**DATASET RECORDS**
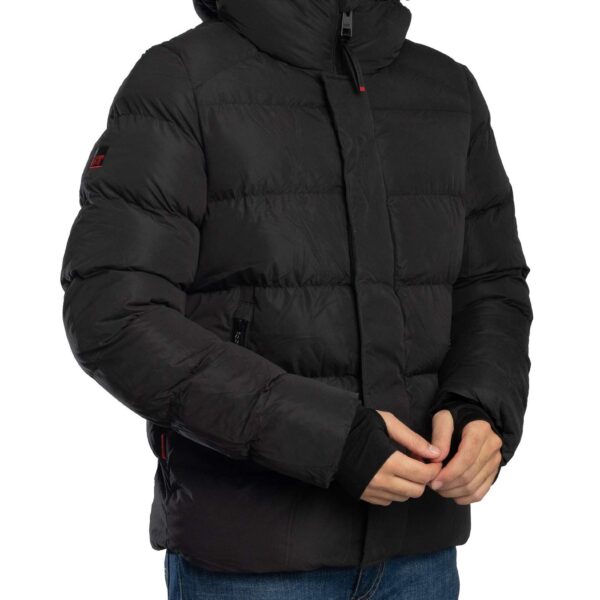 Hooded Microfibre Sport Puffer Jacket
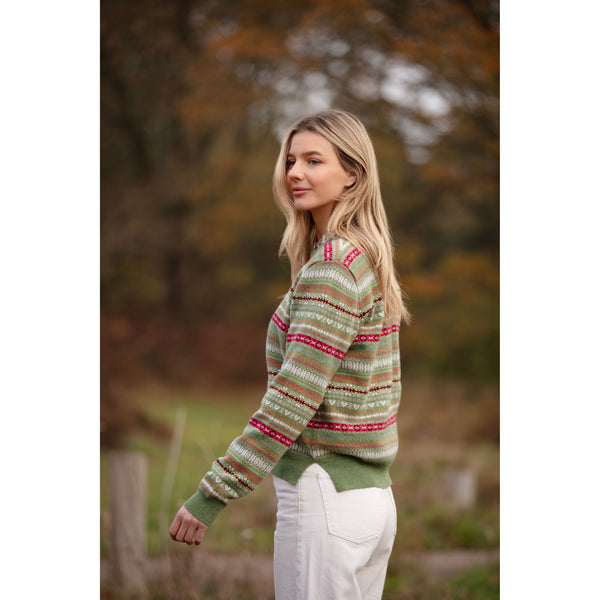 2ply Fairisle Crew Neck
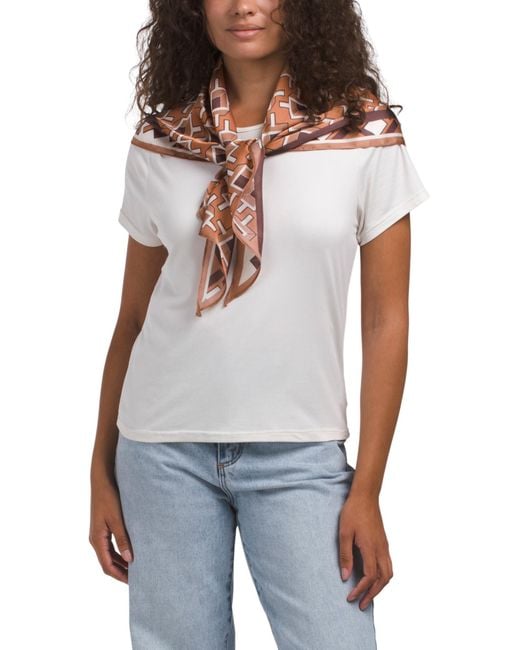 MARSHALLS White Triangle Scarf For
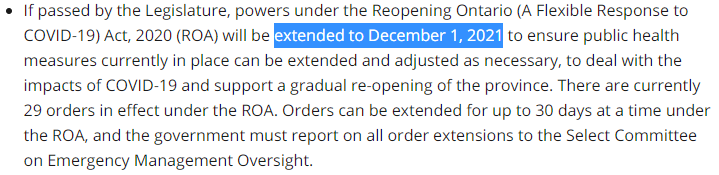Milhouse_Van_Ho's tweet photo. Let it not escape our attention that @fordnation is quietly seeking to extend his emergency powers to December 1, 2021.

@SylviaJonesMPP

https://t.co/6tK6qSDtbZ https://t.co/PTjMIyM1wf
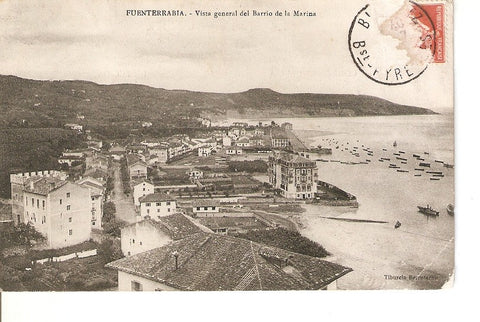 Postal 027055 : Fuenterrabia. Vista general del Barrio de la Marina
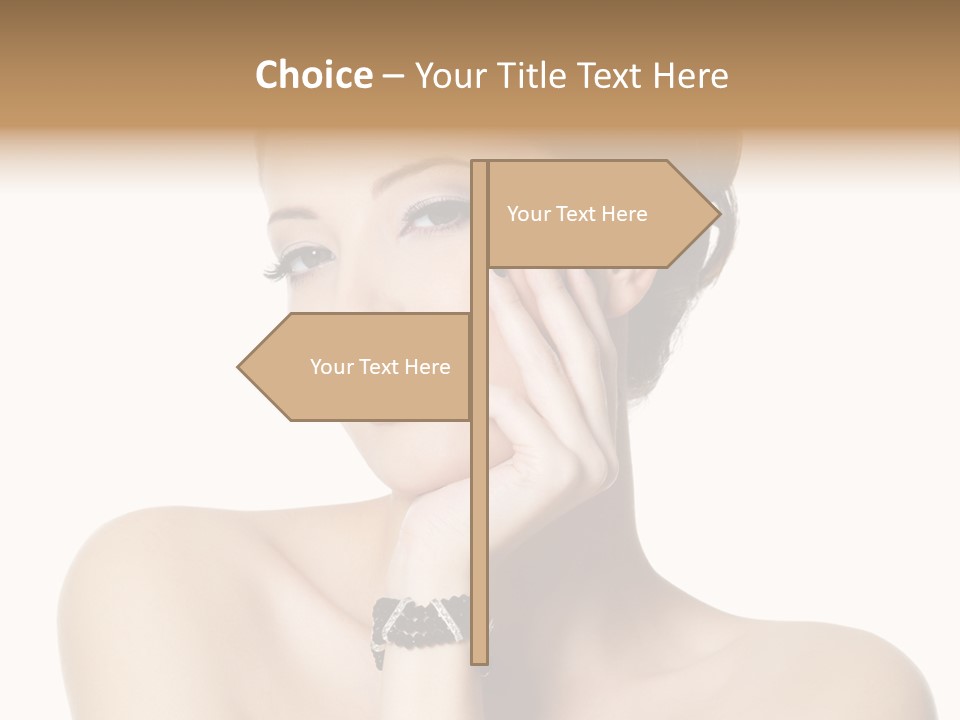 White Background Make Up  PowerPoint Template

**TASK**
All entries above, minus the pictures, should be repeated exactly.

**ANSWER TO THIS EXERCISE**
 Hooded Microfibre Sport Puffer Jacket
 2ply Fairisle Crew Neck
 MARSHALLS White Triangle Scarf For
Milhouse_Van_Ho's tweet photo. Let it not escape our attention that @fordnation is quietly seeking to extend his emergency powers to December 1, 2021.

@SylviaJonesMPP

https://t.co/6tK6qSDtbZ https://t.co/PTjMIyM1wf
 Postal 027055 : Fuenterrabia. Vista general del Barrio de la Marina
 White Background Make Up  PowerPoint Template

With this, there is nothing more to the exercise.